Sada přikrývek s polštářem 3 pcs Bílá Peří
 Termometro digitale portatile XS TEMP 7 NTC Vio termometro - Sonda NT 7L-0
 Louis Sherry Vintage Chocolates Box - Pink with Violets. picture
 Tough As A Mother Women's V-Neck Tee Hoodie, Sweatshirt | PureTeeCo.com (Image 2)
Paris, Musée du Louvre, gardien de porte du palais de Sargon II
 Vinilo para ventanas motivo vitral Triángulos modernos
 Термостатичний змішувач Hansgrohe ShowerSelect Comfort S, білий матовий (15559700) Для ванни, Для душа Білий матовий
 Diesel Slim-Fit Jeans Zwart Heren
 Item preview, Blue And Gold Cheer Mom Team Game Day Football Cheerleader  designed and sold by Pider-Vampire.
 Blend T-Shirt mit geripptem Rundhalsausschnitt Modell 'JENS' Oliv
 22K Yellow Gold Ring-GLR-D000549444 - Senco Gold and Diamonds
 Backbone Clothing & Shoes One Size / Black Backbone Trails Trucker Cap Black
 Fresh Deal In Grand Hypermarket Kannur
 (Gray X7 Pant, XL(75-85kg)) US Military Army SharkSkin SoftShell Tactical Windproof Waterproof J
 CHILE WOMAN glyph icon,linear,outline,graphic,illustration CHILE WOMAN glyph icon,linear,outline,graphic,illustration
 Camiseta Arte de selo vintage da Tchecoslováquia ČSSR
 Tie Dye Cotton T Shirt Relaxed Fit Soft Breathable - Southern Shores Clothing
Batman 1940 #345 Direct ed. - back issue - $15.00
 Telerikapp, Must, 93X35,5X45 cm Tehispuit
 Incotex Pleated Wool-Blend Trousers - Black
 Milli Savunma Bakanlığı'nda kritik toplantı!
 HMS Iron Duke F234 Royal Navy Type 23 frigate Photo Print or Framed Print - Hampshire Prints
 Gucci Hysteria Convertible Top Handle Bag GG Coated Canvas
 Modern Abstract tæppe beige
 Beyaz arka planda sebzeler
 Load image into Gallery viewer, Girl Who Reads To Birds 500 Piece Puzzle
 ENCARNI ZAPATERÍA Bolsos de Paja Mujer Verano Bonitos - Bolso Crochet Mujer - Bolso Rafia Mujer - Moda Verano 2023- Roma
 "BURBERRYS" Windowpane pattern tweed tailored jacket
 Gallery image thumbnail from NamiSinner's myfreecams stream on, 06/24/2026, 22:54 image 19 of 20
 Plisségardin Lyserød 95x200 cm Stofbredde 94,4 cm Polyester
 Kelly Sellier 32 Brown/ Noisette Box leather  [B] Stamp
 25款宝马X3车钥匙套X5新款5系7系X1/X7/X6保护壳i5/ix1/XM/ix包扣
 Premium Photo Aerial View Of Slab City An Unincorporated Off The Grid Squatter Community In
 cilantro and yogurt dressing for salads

====

• **EXERCISE INSTRUCTIONS**:
Print the records above exactly as they appear.

• **RESPONSE FOR THIS EXERCISE**:
Sada přikrývek s polštářem 3 pcs Bílá Peří
 Termometro digitale portatile XS TEMP 7 NTC Vio termometro - Sonda NT 7L-0
 Louis Sherry Vintage Chocolates Box - Pink with Violets. picture
 Tough As A Mother Women's V-Neck Tee Hoodie, Sweatshirt | PureTeeCo.com (Image 2)
Paris, Musée du Louvre, gardien de porte du palais de Sargon II
 Vinilo para ventanas motivo vitral Triángulos modernos
 Термостатичний змішувач Hansgrohe ShowerSelect Comfort S, білий матовий (15559700) Для ванни, Для душа Білий матовий
 Diesel Slim-Fit Jeans Zwart Heren
 Item preview, Blue And Gold Cheer Mom Team Game Day Football Cheerleader  designed and sold by Pider-Vampire.
 Blend T-Shirt mit geripptem Rundhalsausschnitt Modell 'JENS' Oliv
 22K Yellow Gold Ring-GLR-D000549444 - Senco Gold and Diamonds
 Backbone Clothing & Shoes One Size / Black Backbone Trails Trucker Cap Black
 Fresh Deal In Grand Hypermarket Kannur
 (Gray X7 Pant, XL(75-85kg)) US Military Army SharkSkin SoftShell Tactical Windproof Waterproof J
 CHILE WOMAN glyph icon,linear,outline,graphic,illustration CHILE WOMAN glyph icon,linear,outline,graphic,illustration
 Camiseta Arte de selo vintage da Tchecoslováquia ČSSR
 Tie Dye Cotton T Shirt Relaxed Fit Soft Breathable - Southern Shores Clothing
Batman 1940 #345 Direct ed. - back issue - $15.00
 Telerikapp, Must, 93X35,5X45 cm Tehispuit
 Incotex Pleated Wool-Blend Trousers - Black
 Milli Savunma Bakanlığı'nda kritik toplantı!
 HMS Iron Duke F234 Royal Navy Type 23 frigate Photo Print or Framed Print - Hampshire Prints
 Gucci Hysteria Convertible Top Handle Bag GG Coated Canvas
 Modern Abstract tæppe beige
 Beyaz arka planda sebzeler
 Load image into Gallery viewer, Girl Who Reads To Birds 500 Piece Puzzle
 ENCARNI ZAPATERÍA Bolsos de Paja Mujer Verano Bonitos - Bolso Crochet Mujer - Bolso Rafia Mujer - Moda Verano 2023- Roma
 "BURBERRYS" Windowpane pattern tweed tailored jacket
 Gallery image thumbnail from NamiSinner's myfreecams stream on, 06/24/2026, 22:54 image 19 of 20
 Plisségardin Lyserød 95x200 cm Stofbredde 94,4 cm Polyester
 Kelly Sellier 32 Brown/ Noisette Box leather  [B] Stamp
 25款宝马X3车钥匙套X5新款5系7系X1/X7/X6保护壳i5/ix1/XM/ix包扣
 Premium Photo Aerial View Of Slab City An Unincorporated Off The Grid Squatter Community In
 cilantro and yogurt dressing for salads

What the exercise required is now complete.